__DESCRIPTION OF THE TASK__
Only the lines from the one containing "Tenis Skechers Mujer" through the one containing "Kaufland Chipsy w" should be printed, exactly as they appear below, with both ends included.

__RECORDS FOR PROCESSING__
================================

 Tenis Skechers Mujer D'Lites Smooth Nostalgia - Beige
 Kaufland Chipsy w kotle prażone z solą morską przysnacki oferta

================================

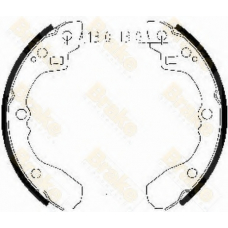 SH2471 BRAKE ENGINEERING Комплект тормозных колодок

================================

__RESULT__
 Tenis Skechers Mujer D'Lites Smooth Nostalgia - Beige
 Kaufland Chipsy w kotle prażone z solą morską przysnacki oferta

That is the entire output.